[Start of Attachment]

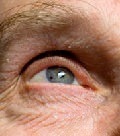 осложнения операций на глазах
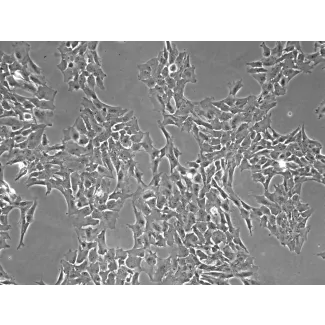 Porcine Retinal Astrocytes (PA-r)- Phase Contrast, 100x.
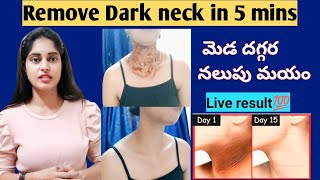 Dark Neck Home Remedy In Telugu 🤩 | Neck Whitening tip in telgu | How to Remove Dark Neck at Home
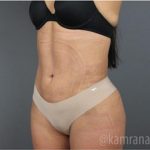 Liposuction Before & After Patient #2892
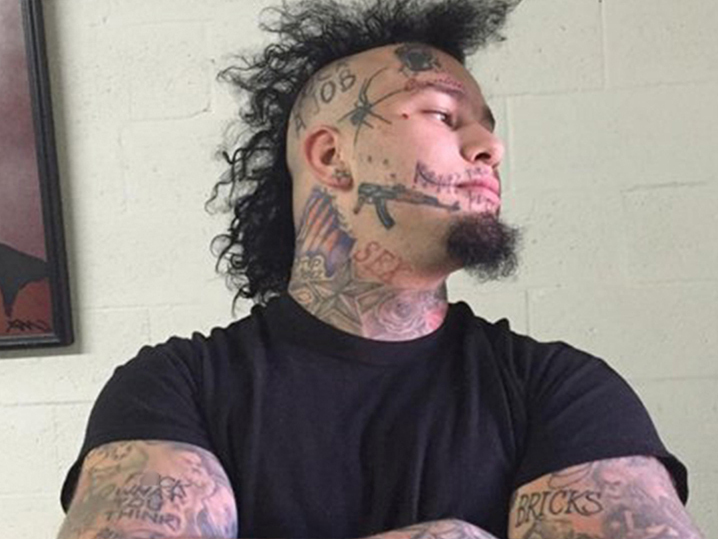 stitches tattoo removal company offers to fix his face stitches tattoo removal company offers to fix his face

[End of Attachment]

WHAT TO PRODUCE:
Copy out only the lines from the one containing "Dark Neck Home" to the end of the entries, unchanged. Drop the pictures.

TASK OUTPUT:
 Dark Neck Home Remedy In Telugu 🤩 | Neck Whitening tip in telgu | How to Remove Dark Neck at Home
 Liposuction Before & After Patient #2892
 stitches tattoo removal company offers to fix his face stitches tattoo removal company offers to fix his face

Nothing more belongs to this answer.